Beyond solidarity marches
OpinionGuest Columnist

Beyond solidarity marches

Act different, act Jewishly

For secular American Jews, anti-Semitism, until recently, was little more than a historical artifact. Informed primarily by black and white films on the History Channel, textbook images of Leo Frank’s lynching in Georgia and stories of bloody pogroms in the old country, it seemed long ago and far away.

In the past two years that has changed dramatically. Our nation has witnessed Jews slaughtered in a Pittsburgh synagogue and stabbed in a rabbi’s home in New York. From Jersey City to Poway, Jews have been deliberately targeted and attacked.

Many anti-Semitic incidents, though far more mundane, are no less disturbing — they typically involve religious Jews being assaulted and at times demeaned by their neighbors. One of the most Jewish cities in the world, New York, has been hit particularly hard in this way.

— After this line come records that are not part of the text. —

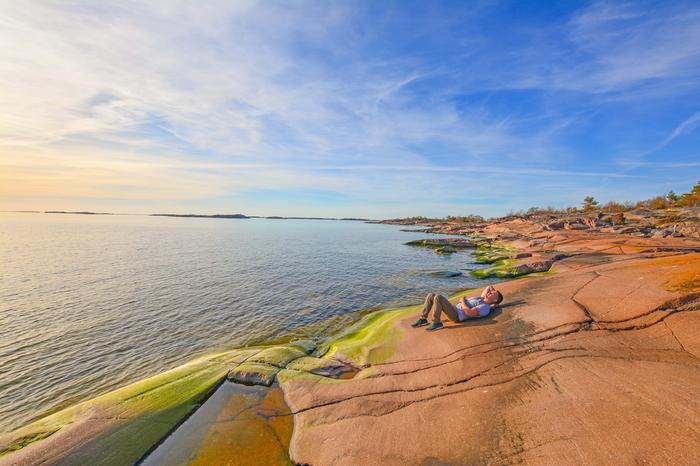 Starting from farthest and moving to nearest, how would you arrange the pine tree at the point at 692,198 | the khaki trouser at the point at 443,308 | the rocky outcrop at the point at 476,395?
the pine tree at the point at 692,198
the khaki trouser at the point at 443,308
the rocky outcrop at the point at 476,395

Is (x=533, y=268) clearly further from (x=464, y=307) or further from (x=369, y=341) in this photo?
(x=369, y=341)

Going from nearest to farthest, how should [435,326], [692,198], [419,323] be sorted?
1. [435,326]
2. [419,323]
3. [692,198]

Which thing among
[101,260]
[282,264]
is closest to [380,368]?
[282,264]

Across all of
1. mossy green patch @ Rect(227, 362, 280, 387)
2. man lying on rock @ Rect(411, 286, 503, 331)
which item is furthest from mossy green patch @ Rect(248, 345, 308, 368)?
man lying on rock @ Rect(411, 286, 503, 331)

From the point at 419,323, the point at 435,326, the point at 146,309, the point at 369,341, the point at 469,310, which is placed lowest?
the point at 146,309

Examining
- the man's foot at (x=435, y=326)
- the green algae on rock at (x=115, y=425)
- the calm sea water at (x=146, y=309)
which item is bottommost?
the calm sea water at (x=146, y=309)

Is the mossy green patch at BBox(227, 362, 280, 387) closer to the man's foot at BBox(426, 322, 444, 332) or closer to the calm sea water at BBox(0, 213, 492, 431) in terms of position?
the calm sea water at BBox(0, 213, 492, 431)

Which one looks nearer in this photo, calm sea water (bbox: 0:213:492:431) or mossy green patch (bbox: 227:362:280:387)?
mossy green patch (bbox: 227:362:280:387)

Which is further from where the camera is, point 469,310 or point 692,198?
point 692,198

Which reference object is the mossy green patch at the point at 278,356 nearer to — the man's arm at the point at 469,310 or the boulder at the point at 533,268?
the man's arm at the point at 469,310

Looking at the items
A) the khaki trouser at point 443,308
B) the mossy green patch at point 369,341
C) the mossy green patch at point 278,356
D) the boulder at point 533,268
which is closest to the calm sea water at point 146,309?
the mossy green patch at point 369,341

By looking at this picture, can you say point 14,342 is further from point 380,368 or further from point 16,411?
point 380,368

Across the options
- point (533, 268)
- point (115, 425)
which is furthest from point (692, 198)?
point (115, 425)

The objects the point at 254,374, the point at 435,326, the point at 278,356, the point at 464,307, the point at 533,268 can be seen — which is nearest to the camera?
the point at 254,374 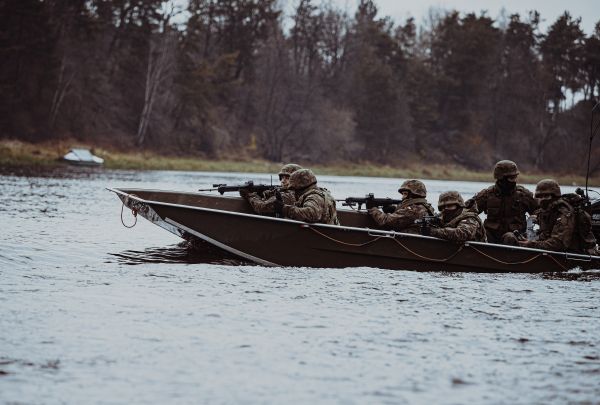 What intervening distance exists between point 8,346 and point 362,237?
607cm

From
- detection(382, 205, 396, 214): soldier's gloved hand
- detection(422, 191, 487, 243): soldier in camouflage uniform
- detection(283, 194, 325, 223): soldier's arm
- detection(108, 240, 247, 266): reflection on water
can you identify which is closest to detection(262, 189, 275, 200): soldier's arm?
detection(283, 194, 325, 223): soldier's arm

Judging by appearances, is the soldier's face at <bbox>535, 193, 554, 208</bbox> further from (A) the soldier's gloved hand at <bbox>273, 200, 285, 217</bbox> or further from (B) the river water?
(A) the soldier's gloved hand at <bbox>273, 200, 285, 217</bbox>

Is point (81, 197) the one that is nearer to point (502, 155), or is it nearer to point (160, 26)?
point (160, 26)

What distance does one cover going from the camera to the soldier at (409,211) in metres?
12.2

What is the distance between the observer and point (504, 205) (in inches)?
516

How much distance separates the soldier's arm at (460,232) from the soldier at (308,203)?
1.55 m

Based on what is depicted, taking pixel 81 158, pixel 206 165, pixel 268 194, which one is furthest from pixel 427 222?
pixel 206 165

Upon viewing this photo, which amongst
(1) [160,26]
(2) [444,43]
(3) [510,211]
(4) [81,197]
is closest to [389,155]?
(2) [444,43]

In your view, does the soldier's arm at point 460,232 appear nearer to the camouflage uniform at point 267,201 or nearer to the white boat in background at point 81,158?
the camouflage uniform at point 267,201

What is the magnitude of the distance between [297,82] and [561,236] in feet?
183

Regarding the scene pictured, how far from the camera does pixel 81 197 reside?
80.4ft

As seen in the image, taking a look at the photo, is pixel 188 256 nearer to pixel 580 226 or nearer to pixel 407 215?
pixel 407 215

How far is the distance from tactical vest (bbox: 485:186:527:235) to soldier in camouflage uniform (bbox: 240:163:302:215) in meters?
3.18

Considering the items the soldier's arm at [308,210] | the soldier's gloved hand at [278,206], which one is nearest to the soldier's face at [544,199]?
the soldier's arm at [308,210] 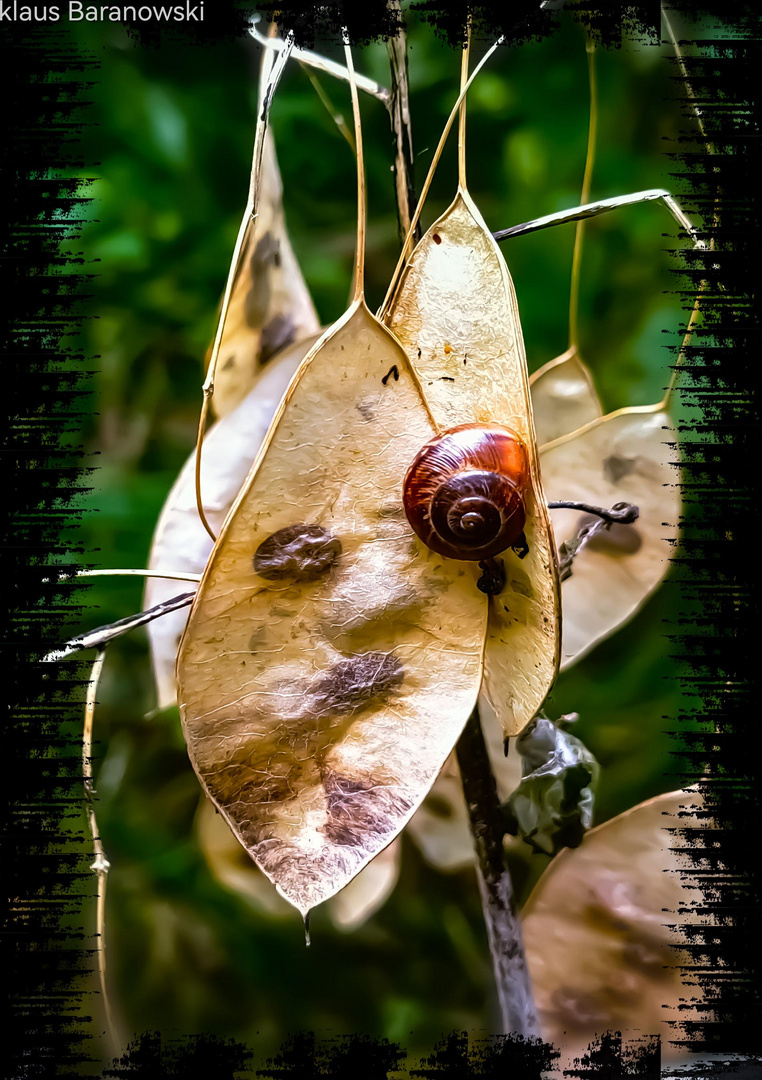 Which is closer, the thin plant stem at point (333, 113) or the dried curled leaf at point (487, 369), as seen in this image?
the dried curled leaf at point (487, 369)

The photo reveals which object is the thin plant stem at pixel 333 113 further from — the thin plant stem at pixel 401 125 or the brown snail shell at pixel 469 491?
the brown snail shell at pixel 469 491

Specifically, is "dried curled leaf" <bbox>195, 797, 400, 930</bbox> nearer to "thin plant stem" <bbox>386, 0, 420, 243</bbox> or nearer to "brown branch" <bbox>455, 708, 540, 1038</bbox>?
"brown branch" <bbox>455, 708, 540, 1038</bbox>

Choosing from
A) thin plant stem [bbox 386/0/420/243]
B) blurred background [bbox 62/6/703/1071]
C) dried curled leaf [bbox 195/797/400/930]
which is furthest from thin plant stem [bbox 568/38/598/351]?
Answer: dried curled leaf [bbox 195/797/400/930]

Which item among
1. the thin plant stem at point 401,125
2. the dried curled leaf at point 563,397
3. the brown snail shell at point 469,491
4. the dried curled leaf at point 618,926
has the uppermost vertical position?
the thin plant stem at point 401,125

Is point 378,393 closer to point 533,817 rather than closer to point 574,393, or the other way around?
point 574,393

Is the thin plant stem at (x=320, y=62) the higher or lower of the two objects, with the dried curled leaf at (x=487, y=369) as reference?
higher

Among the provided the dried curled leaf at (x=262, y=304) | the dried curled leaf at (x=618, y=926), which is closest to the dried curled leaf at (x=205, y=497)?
the dried curled leaf at (x=262, y=304)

This recurrence of anti-Semitism has generated understandable anxiety and a necessary examination of preparedness within the community. It is also a powerful reminder that no matter how assimilated, Jews remain the other. Moreover, counterintuitively, and at odds with most of progressive Jewish efforts in America, embracing our otherness is a most fitting response.

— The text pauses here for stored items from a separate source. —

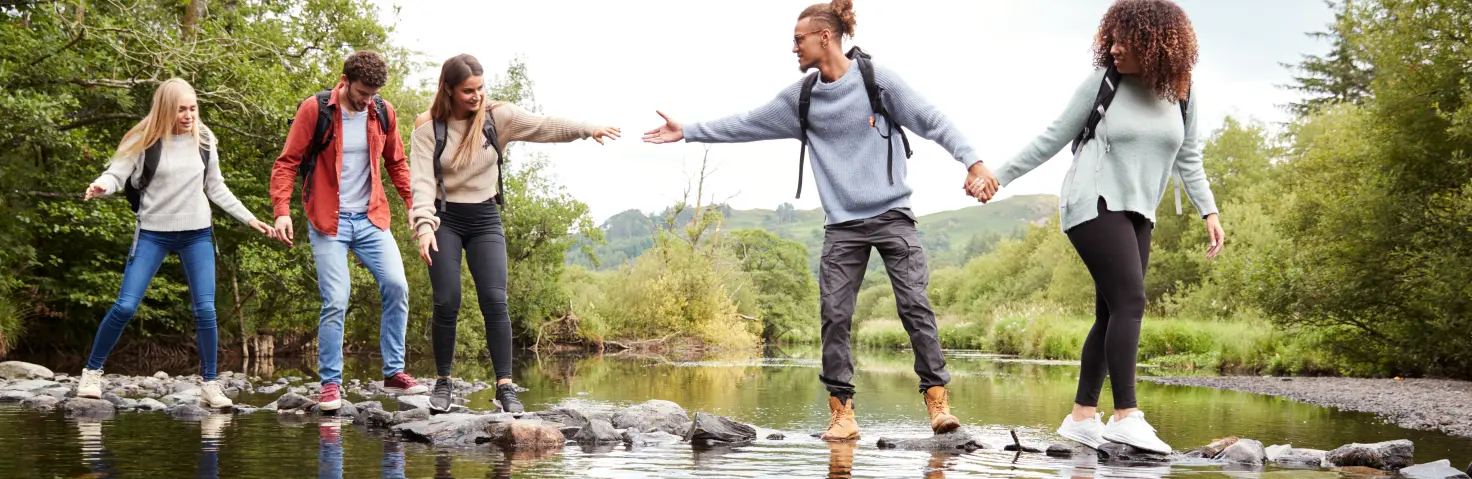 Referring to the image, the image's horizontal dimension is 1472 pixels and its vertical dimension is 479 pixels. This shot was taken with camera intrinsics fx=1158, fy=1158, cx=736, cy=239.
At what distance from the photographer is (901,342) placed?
161 feet

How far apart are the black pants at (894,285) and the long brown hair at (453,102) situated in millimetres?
2170

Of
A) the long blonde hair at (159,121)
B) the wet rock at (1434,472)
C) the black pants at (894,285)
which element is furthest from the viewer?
the long blonde hair at (159,121)

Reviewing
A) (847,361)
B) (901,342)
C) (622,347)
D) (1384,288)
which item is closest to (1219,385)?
(1384,288)

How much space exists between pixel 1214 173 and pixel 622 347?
29.0 metres

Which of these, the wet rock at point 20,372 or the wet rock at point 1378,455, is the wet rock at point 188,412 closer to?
the wet rock at point 20,372

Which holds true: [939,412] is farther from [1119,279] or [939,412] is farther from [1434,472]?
[1434,472]

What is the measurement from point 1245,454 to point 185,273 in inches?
259

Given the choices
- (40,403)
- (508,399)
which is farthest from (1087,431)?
(40,403)

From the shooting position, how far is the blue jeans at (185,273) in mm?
7676

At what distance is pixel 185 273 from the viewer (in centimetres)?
780

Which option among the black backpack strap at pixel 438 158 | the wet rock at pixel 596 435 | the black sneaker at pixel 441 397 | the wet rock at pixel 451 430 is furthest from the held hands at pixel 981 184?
the black sneaker at pixel 441 397

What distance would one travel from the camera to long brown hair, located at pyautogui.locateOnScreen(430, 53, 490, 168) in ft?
21.3

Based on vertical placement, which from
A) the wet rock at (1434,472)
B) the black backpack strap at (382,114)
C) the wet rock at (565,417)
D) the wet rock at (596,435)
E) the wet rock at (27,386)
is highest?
the black backpack strap at (382,114)

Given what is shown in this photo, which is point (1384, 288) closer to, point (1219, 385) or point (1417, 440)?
point (1219, 385) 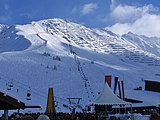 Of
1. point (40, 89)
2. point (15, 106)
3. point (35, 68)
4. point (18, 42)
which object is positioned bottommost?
point (15, 106)

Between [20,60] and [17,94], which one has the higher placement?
[20,60]

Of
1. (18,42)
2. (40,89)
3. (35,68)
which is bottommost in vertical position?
(40,89)

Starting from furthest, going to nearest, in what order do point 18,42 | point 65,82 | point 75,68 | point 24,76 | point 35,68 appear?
point 18,42, point 75,68, point 35,68, point 24,76, point 65,82

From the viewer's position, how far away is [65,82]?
7644 centimetres

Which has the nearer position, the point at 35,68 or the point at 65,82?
the point at 65,82

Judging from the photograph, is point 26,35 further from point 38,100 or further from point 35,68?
point 38,100

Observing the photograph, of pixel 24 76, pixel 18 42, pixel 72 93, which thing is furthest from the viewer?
pixel 18 42

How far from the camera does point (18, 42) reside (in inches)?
7288

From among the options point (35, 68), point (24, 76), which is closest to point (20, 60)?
point (35, 68)

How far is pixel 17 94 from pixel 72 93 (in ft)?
34.0

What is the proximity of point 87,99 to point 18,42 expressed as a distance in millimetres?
128986

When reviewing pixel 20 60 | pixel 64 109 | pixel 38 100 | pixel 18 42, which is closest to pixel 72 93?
pixel 38 100

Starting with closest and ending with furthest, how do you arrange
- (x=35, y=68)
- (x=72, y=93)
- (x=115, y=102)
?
(x=115, y=102), (x=72, y=93), (x=35, y=68)

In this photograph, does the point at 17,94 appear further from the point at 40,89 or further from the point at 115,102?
the point at 115,102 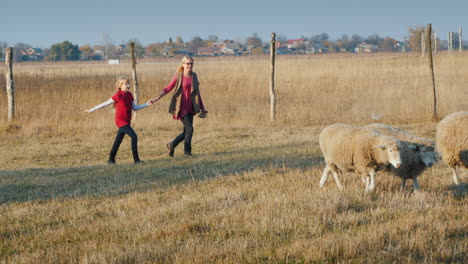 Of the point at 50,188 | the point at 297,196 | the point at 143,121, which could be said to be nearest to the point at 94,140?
the point at 143,121

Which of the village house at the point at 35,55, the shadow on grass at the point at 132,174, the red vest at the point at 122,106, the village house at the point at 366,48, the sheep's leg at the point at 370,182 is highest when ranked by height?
the village house at the point at 366,48

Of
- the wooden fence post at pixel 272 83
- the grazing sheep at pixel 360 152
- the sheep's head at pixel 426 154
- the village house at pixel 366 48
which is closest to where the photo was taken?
the grazing sheep at pixel 360 152

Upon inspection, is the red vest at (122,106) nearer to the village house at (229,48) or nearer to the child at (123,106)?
the child at (123,106)

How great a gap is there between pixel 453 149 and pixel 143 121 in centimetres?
1075

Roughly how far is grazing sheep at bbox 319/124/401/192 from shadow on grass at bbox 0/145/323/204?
1.71 meters

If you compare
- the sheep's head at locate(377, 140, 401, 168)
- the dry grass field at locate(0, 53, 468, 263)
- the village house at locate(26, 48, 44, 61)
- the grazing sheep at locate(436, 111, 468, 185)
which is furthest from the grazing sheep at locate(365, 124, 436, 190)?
the village house at locate(26, 48, 44, 61)

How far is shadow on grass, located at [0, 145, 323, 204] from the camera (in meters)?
8.25

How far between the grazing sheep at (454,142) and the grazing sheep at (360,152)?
1329 mm

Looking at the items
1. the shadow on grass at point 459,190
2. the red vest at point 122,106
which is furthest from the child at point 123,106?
the shadow on grass at point 459,190

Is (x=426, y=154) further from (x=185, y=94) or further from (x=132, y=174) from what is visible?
(x=185, y=94)

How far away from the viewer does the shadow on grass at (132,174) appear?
825 centimetres

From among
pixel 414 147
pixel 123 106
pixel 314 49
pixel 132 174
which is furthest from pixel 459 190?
pixel 314 49

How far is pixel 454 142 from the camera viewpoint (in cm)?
792

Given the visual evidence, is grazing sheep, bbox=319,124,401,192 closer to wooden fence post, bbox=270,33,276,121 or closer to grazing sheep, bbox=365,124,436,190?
grazing sheep, bbox=365,124,436,190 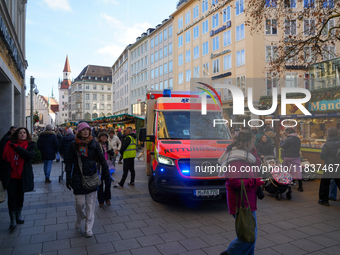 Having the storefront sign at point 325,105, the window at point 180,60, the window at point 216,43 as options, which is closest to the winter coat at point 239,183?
the storefront sign at point 325,105

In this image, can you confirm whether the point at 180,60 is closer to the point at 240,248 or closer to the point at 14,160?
the point at 14,160

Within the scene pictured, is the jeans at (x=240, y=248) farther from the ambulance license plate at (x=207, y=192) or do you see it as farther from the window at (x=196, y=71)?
the window at (x=196, y=71)

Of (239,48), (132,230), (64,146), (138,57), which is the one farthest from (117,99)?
(132,230)

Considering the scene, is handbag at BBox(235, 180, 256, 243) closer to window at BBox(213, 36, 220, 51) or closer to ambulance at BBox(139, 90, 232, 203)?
ambulance at BBox(139, 90, 232, 203)

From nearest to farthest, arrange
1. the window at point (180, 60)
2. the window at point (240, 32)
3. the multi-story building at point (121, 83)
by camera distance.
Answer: the window at point (240, 32), the window at point (180, 60), the multi-story building at point (121, 83)

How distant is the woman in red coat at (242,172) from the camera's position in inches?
133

Otherness can be challenging, particularly within a culture guided by e pluribus unum. Nonetheless, Jews are repeatedly reminded to remember our time of bondage in Egypt and that we were “strangers in a strange land.” Such existential apartness is a blessing and a curse.

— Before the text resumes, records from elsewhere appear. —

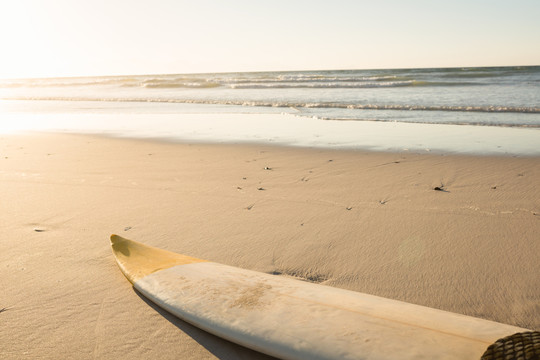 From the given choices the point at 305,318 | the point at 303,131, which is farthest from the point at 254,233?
the point at 303,131

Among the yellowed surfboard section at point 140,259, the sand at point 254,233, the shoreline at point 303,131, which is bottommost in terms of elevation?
the sand at point 254,233

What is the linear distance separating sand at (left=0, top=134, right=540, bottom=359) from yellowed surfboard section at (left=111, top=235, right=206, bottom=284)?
9 cm

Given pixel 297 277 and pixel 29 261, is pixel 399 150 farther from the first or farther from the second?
pixel 29 261

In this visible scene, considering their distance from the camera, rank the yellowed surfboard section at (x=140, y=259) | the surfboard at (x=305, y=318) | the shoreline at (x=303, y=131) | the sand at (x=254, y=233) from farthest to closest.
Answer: the shoreline at (x=303, y=131) → the yellowed surfboard section at (x=140, y=259) → the sand at (x=254, y=233) → the surfboard at (x=305, y=318)

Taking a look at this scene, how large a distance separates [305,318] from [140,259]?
43.9 inches

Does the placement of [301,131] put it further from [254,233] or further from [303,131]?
[254,233]

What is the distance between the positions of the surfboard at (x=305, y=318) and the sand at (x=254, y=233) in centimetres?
10

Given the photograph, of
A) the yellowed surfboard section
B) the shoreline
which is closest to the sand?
the yellowed surfboard section

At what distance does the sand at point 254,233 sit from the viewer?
6.42 feet

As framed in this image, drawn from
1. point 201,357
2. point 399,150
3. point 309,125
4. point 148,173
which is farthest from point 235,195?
point 309,125

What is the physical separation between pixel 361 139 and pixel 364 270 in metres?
4.50

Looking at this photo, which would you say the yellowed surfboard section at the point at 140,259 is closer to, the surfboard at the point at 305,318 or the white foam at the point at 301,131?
the surfboard at the point at 305,318

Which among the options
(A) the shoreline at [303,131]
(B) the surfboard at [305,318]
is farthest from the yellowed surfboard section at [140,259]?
(A) the shoreline at [303,131]

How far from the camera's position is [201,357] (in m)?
1.72
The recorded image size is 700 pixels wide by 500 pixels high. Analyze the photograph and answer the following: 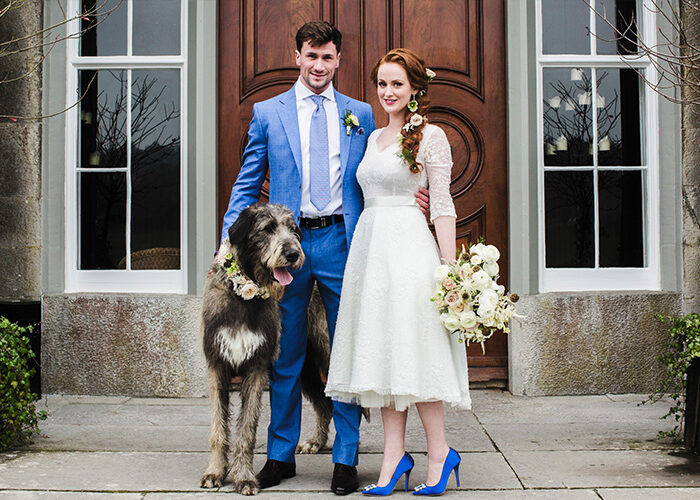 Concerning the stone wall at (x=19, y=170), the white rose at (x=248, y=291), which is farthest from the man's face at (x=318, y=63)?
the stone wall at (x=19, y=170)

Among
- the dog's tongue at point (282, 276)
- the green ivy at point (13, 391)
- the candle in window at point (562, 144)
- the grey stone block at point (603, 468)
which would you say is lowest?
the grey stone block at point (603, 468)

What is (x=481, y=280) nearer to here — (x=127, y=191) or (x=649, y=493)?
(x=649, y=493)

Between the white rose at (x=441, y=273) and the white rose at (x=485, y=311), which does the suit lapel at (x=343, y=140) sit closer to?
the white rose at (x=441, y=273)

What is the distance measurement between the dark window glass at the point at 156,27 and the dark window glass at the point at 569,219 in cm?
334

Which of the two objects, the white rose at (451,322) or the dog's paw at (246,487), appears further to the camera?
the dog's paw at (246,487)

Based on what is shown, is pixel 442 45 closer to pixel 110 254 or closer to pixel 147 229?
pixel 147 229

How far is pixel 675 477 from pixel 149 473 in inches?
112

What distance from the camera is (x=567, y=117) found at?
6.07 m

Apartness affords Jews a unique position to perceive social structures and, in particular, inequalities. After all, how a society treats its most marginalized members reveals much about it. Consider the contributions of Lillian Wald, Samuel Gompers and Abraham Joshua Heschel. This position also unfortunately lends to Jewish targeting, scapegoating and, in its most heinous form, systematic extermination. Given this participant-observer status, Jewish existence has never been easy.

Jewish otherness is also embodied through public modes of identification. There are many forms this might take, including circumcising sons, putting mezuzahs on doors, donning tzitzes or wearing a yarmulke.

Such tangible reminders of our apartness function as more than mere tribal vestiges. They serve a powerful social justice agenda. Consider the lip-service around fighting privilege, particularly from liberal Jewish circles: Is there any better way to battle structural inequality and to show solidarity with marginalized allies (and Jews) who do not have the opportunity to take their “yarmulke off” than to wear one?

There are other ways to embrace Jewish identity. Learn Hebrew, eat kosher foods, study the Torah. Greet in the quintessential Jewish manner. Next time you encounter a landsman, give them a hearty shalom alecheim and reciprocate with alecheim shalom. Our elders instructed us to not remove ourselves from our community, so attend a Shabbat dinner, join a synagogue, give to Jewish charities, support Israel.

Perhaps most importantly, live the ethically mandated lives Jews are commanded to. Don’t only look different — act different. Fight for the oppressed. Give charity. Be righteous in business dealing. Honor your parents. Treat animals kindly. Love your neighbor as yourself. Pursue justice. The list goes on and on (there are 613 commandments, to be precise) and as the prophet Isiah reminds us, such righteous conduct offers an opportunity to be a light unto the nations and likely the greatest antidote to anti-Semitism.

As the Jewish sage Hillel once said, “If I am not for myself, who will be for me? But if I am only for myself, who am I? If not now, when?” pjc

Geoffrey Neimark is a psychiatrist who lives in Philadelphia.